This recipe for a lemon sponge offers a good insights into the level of physical exertion demanded of kitchen staff in the Georgian era.

As the only raising agents in the recipe, the eggs needed to be whisked with sugar for an hour to incorporate sufficient air into the cake mix. And then there are the almonds, which were to be pounded down into a paste with rosewater before being combined with the other ingredients.

The whole process is made all the more cumbersome because of the large quantities involved. There are 3lbs (1.36 kg) of dry ingredients alone, without factoring the astonishing number of eggs required.

Today we could whip up this recipe in no time using an electric whisk and blender, but in the eighteenth-century it relied on good old-fashioned elbow-grease…
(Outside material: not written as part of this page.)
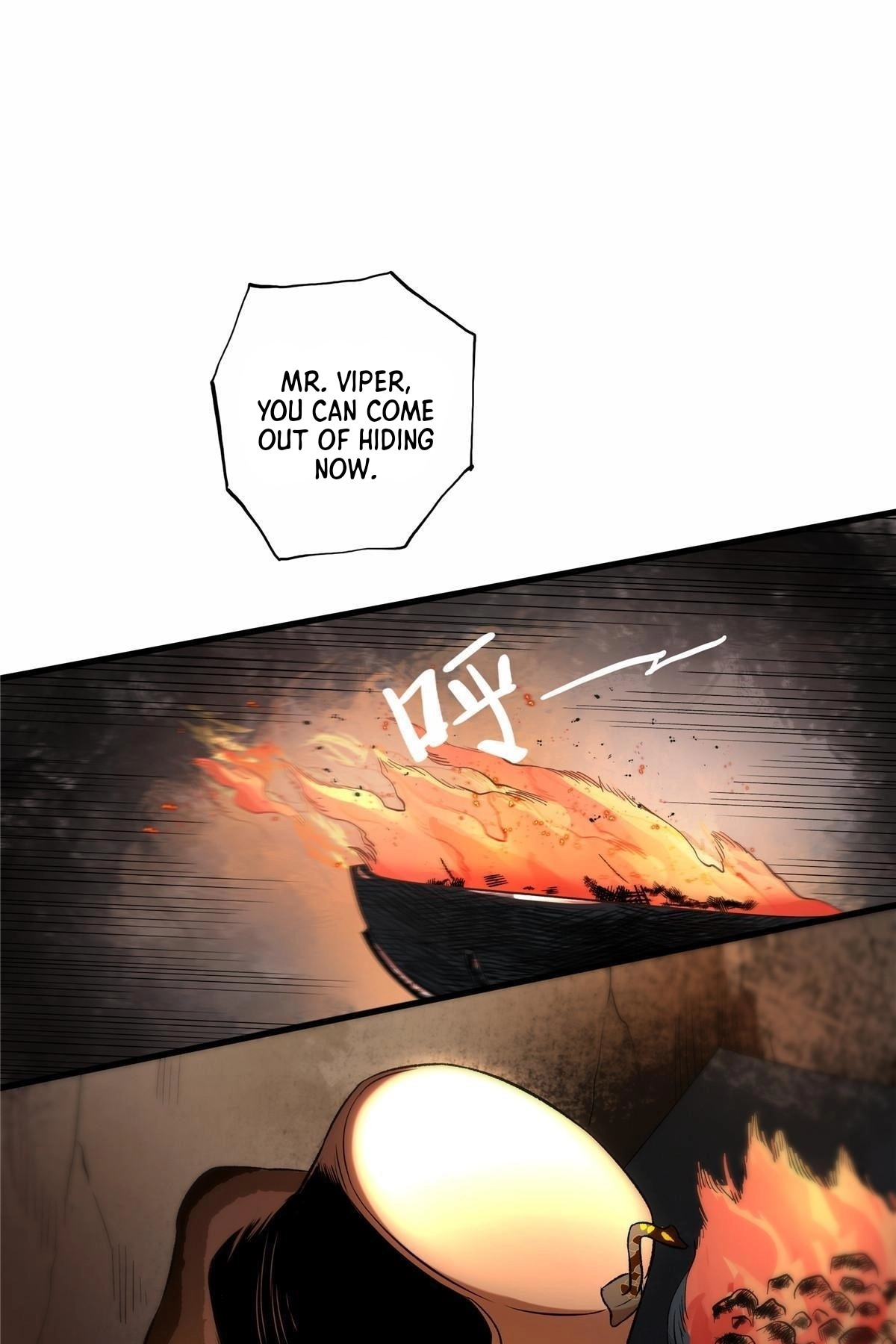 Read Objective: Marry The Enemy Empress chapter 8 image 27 on Lezhin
Extract from a recipe for lemon cake, from The Cookbook of Unknown Ladies. Image property of Westminster City Archives

Extract from an eighteenth-century recipe for lemon cake, from The Cookbook of Unknown Ladies

A Lemon Cake

Take 16 eggs, half the whites, a pd & half of dubble refind sugar. Put yr eggs & sugar together & whip them for an hour till as white as cream. Then put to it a nagin of rose water or orange flower water & the out side rind of 4 lemons greated, 1 pd of fine flower dryed, half a pd of Jordon almonds with rose water. Mix all well together with a whisk. Put paper in the pan. Put it quick in the oven. An hour and a qr bakes it.